Freja's broths are sourced entirely from Norway, because of the sustainability credentials of its farms, with a low carbon footprint for cow, as well as a low use of antibiotics compared to many other European countries.

The functions of broth

As a functional food, bone broth has certain advantages that what it is drawn from – meat – doesn’t, Armitage told us.

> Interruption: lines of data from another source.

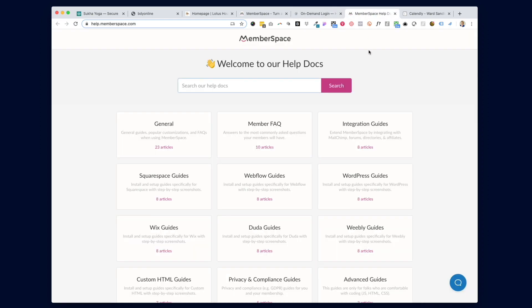From my own experience, MemberSpace support has been really great and their instructions are set up clearly — they walk you through the setup pretty well. They've been around for years, are pretty trusted, and work with not only Squarespace but also WordPress, Wix, Weebly, and all the big content management systems. They have chat support available and also the ability to book a call where they'll walk you through anything.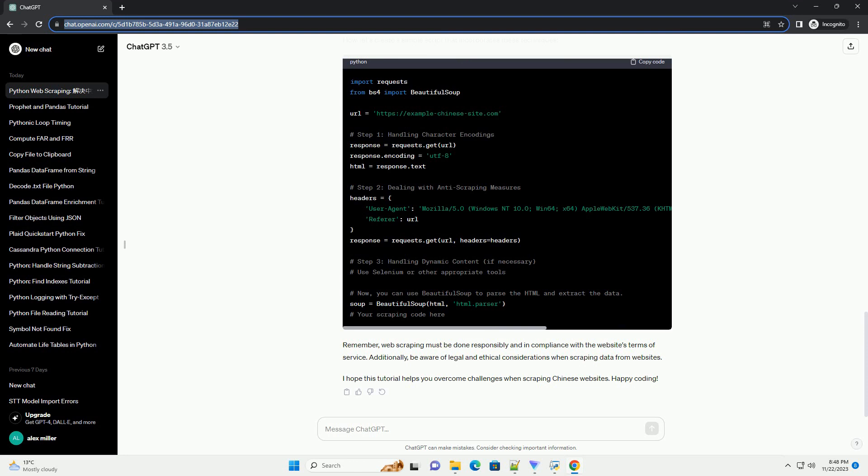If the website loads content dynamically using JavaScript, traditional scraping methods may not capture all the data. Consider using a library like Selenium to simulate a browser environment. Install it with: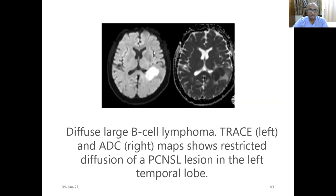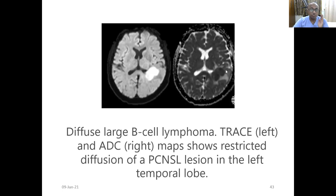On diffusion weighted imaging, due to lymphoma hypercellularity there is restriction — you will see a hyperintense area in the lesion. Correspondingly on the ADC map you can measure the low ADC value, which appears dark. Remember: higher ADC value is good; low ADC value indicates more malignancy. ADC is also helpful for prognosis and response assessment after chemotherapy.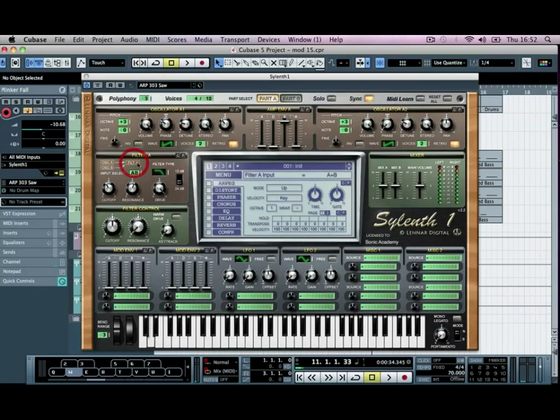We're going to add oscillators from part B as well in here, so we'll add A and B, and then we can just turn down mix B, because we don't want it coming through, we just want it coming through the filter.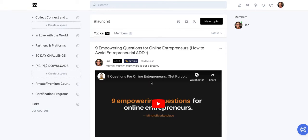Hey everybody, this is Ian from mindfulmarketplace.com and today we're going to look at how to use Circle.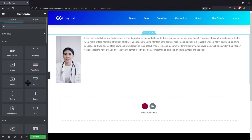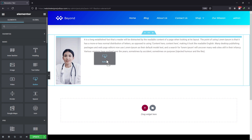In this video tutorial, you will learn how to select an icon for a button element in Elementor. So let's get started. As you can see here, I am in the Elementor page editor. To select the icon for the button, first I will add a button to this section. Simply drag and drop the button element like this.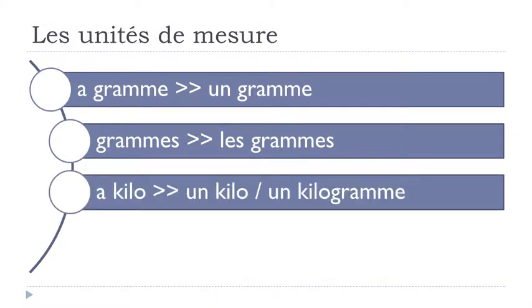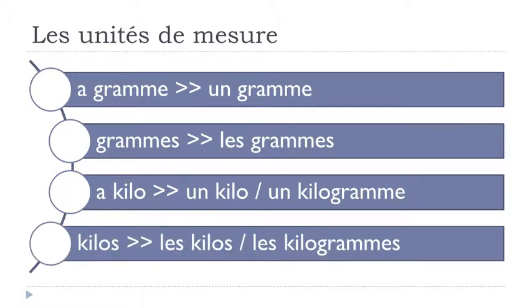Un kilo. Un kilogramme. Les kilos. Les kilogrammes.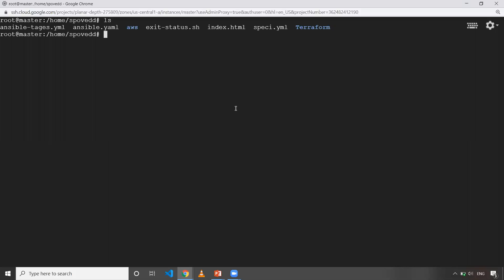Let's say I'll execute the ls command, which is the correct command and it executed properly. If you want to see exit status, it's basically dollar question mark. It will hold the exit status of a previously executed command. In my case, the previously executed command is ls, and it has executed successfully. That's the reason the exit status is zero.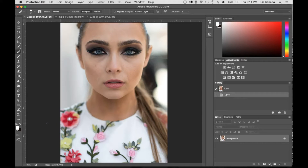Hey guys, this is Liz Kaneda from Sleek Lens. Today I have a tutorial from the Portrait Perfections collection. I'm going to be showing you how to use the Photoshop Actions in this collection to retouch facial features and skin. We're going to talk about how to smooth out skin, brighten eyes and lips, and I'm going to show you how to contour as well.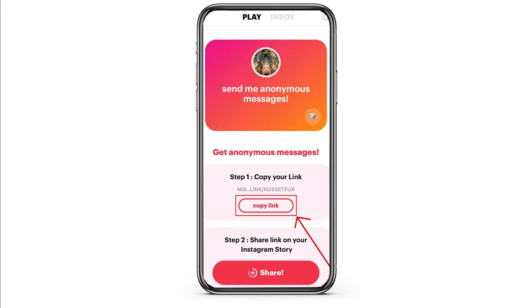After you open this application, you need to copy the link of get anonymous messages. Once you copy the link, now you need to go to your Instagram account first.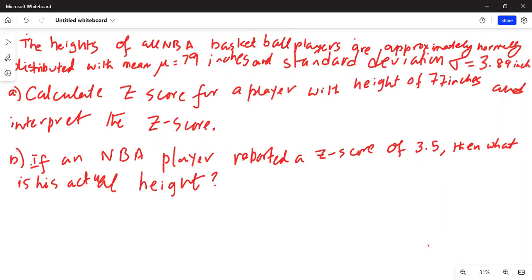The heights of all NBA basketball players are approximately normally distributed with mean mu equal to 79 inches and standard deviation sigma equal to 3.89 inches. Part A: calculate the z-score for a player with a height of 77 inches and interpret the z-score. Part B: if an NBA player reported a z-score of 3.5, what is his actual height?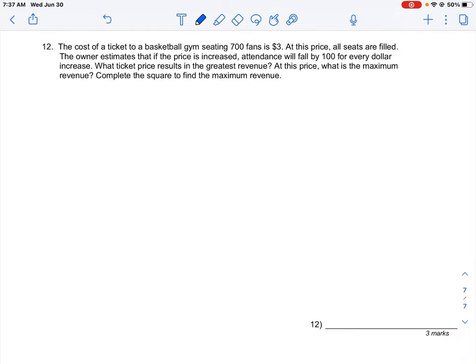Let's take a look at how to do question number 12 here in unit 5. We have a problem where we're asked to find the maximum amount of revenue that we can generate by increasing the ticket prices a certain amount.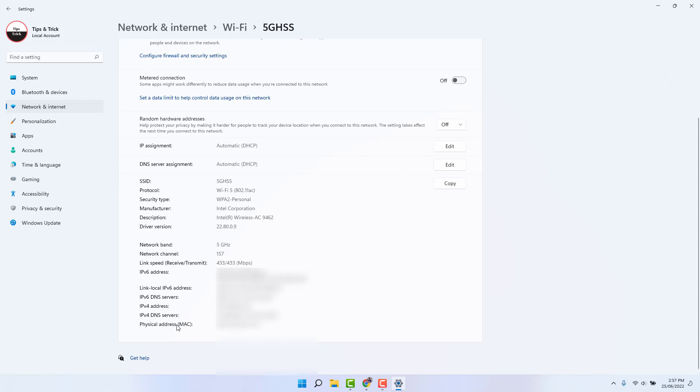So this is the MAC address in our laptop. So within this way you can easily find out a MAC address in your Windows 11 desktop or laptop. So that's it. Thanks for watching my video. See you next one, peace.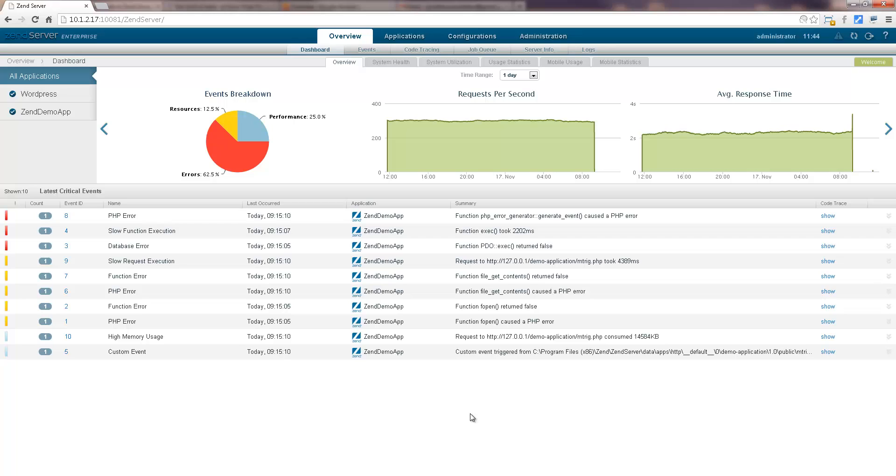Hi there, my name is Daniel and in this video I'd like to show you how easy it is to manage and create virtual hosts in Zen Server.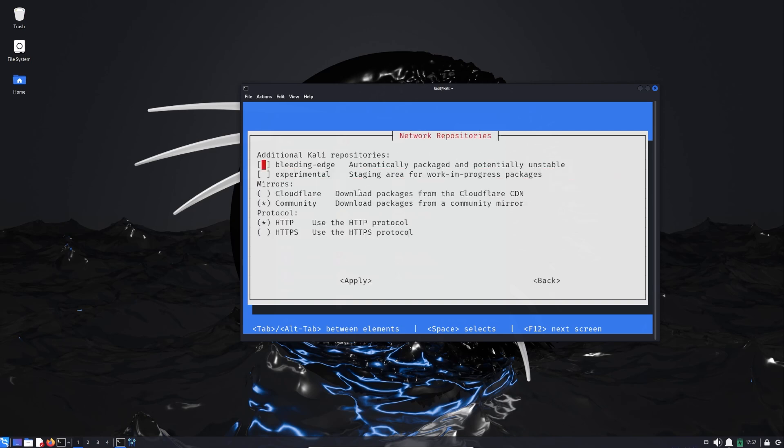Here we have an extra configuration of our network. As you can see at the bottom we have HTTP or HTTPS, so we can choose between the protocols. Let's go back.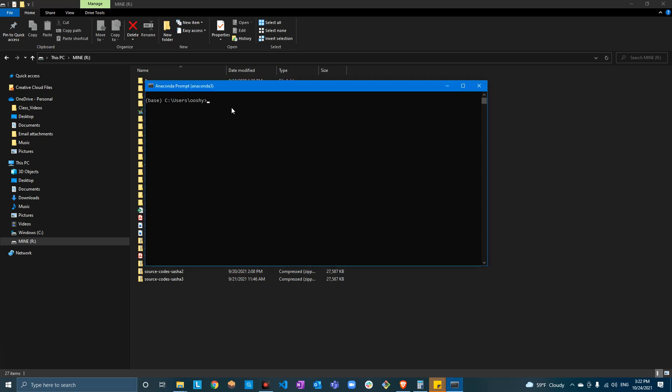Hello guys. What we're trying to do is change the default folder for Anaconda. We can do it two ways: we can either run the server from the location where your files are located, or we can change the default location. Let's do the default location first.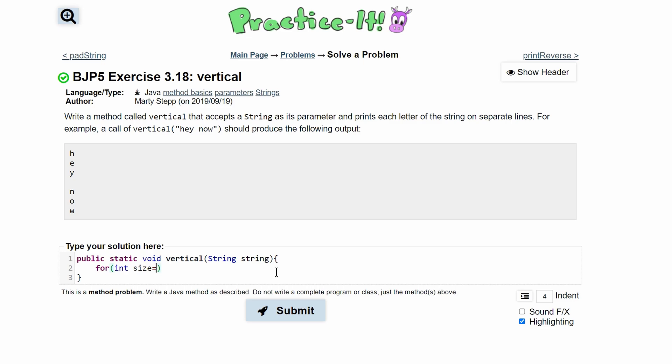We'll set this equal to zero and we'll run this as long as size is less than string dot length. And then we'll just increment size every single time until we eventually break out of our loop.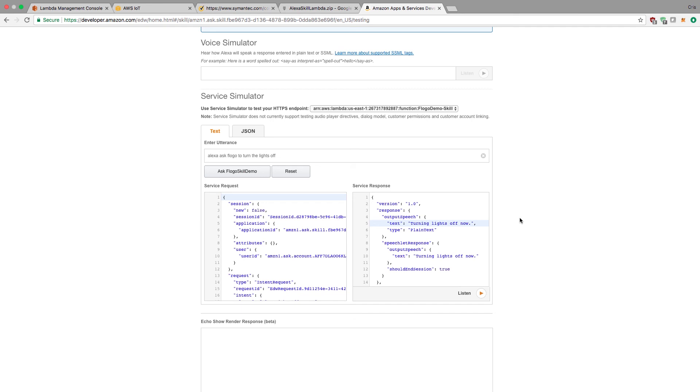That's it for part one. For part two, we'll be looking into building our actual Flogo application and integrating it with all of these different AWS services. We'll be able to turn on and off the lights with Alexa and Flogo and different AWS services. Thank you.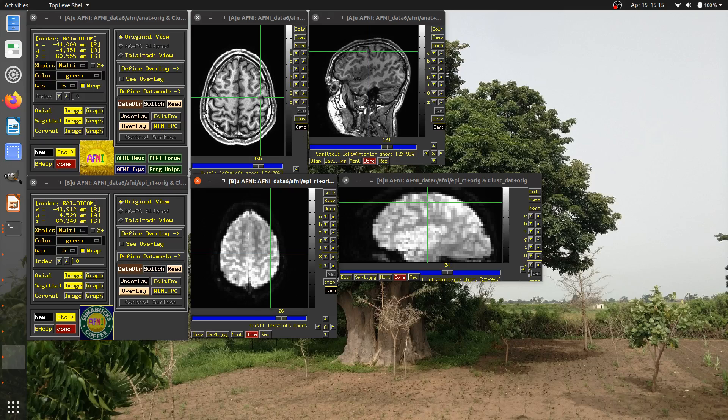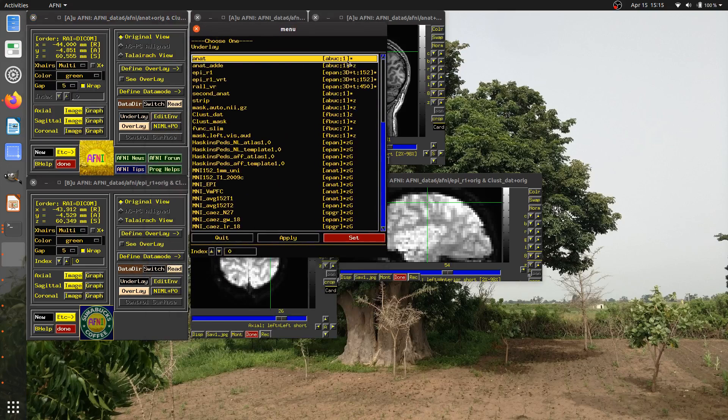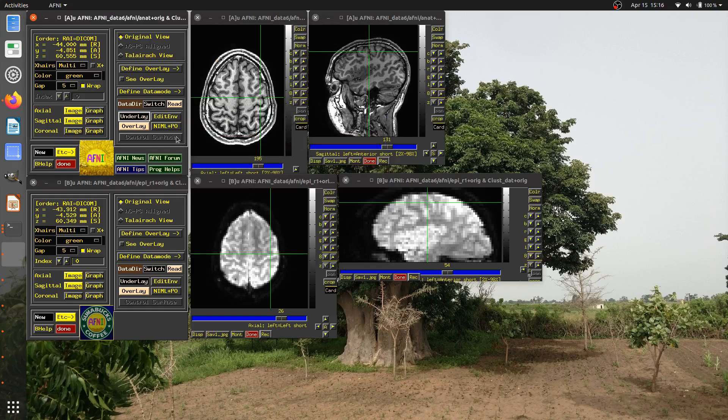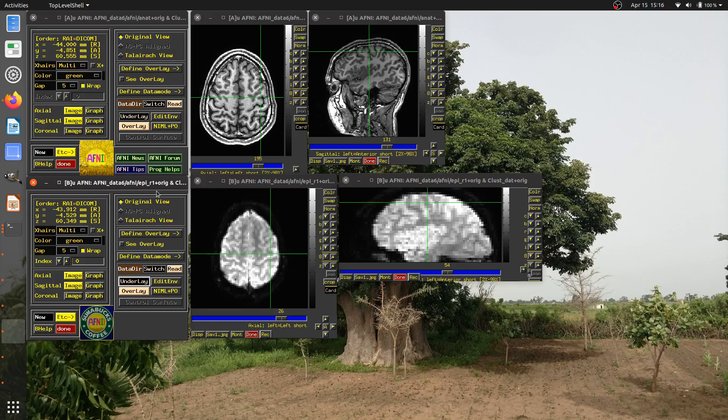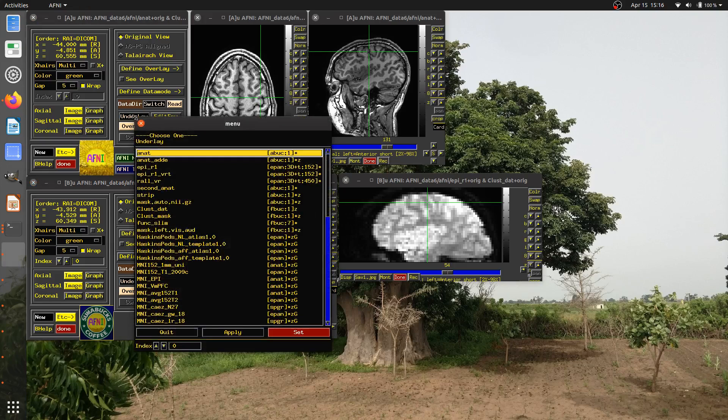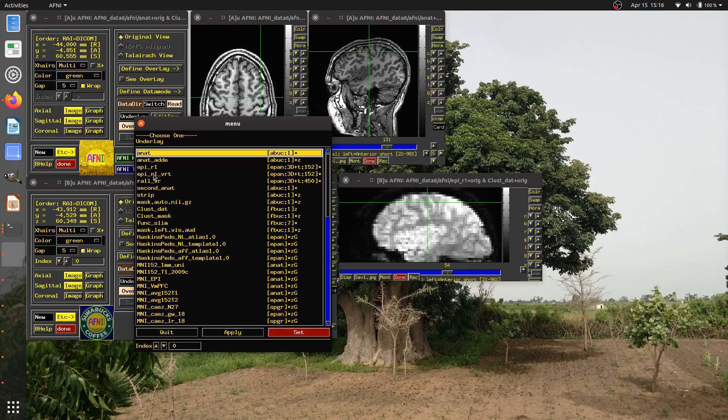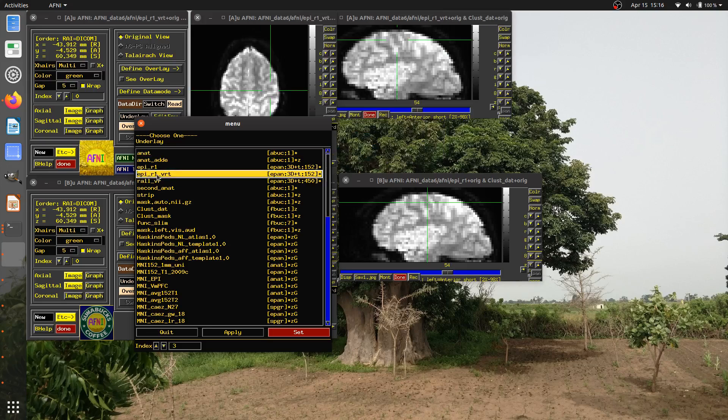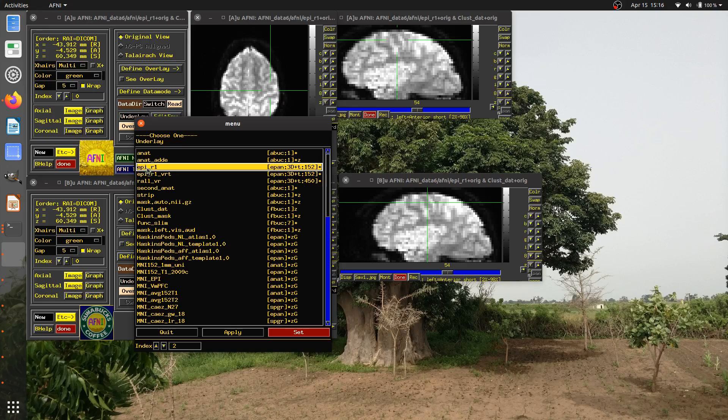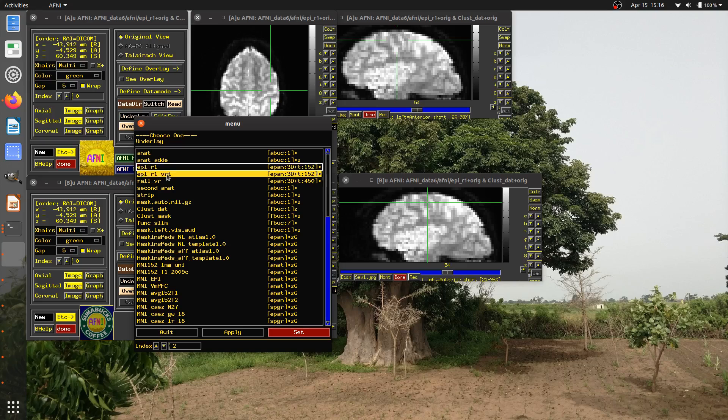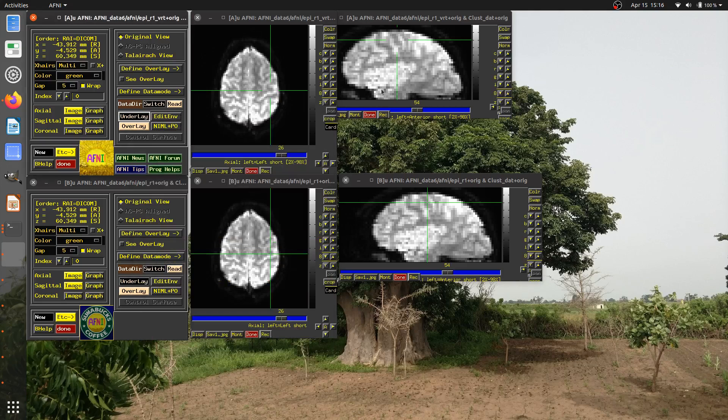Now, this dataset here, if I look at the underlay, it only has a single time value. It doesn't have, like this dataset here is 3D plus T, and it has 152. So if we want to discuss how things are locked together in time, what I'm going to do is I'm going to change this anatomical dataset, the underlay, and I'm going to choose it to be this EPIR1 underscore VRT. This also has 152 time points.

“Because bone broth extracts the nutrients from bone and cartilage, it has a different nutritional profile to meat. Whilst meat has more protein, bone broth is rich in collagen and gelatin, which include the amino acids glycine and proline. Bone broth also has a higher concentration of electrolyte minerals such as potassium and magnesium.”

Alongside its meat-based bone broths, Freja also produces vegetarian broth. While differing from the meat-based broths, it has its own benefits. “The vegetable broth is made with root vegetables, brassicas, and fresh herbs. Nutritionally it does not have the same profile as animal-based bone broths; however it can be used to assist with intermittent fasting and diets that require a liquid-only component.”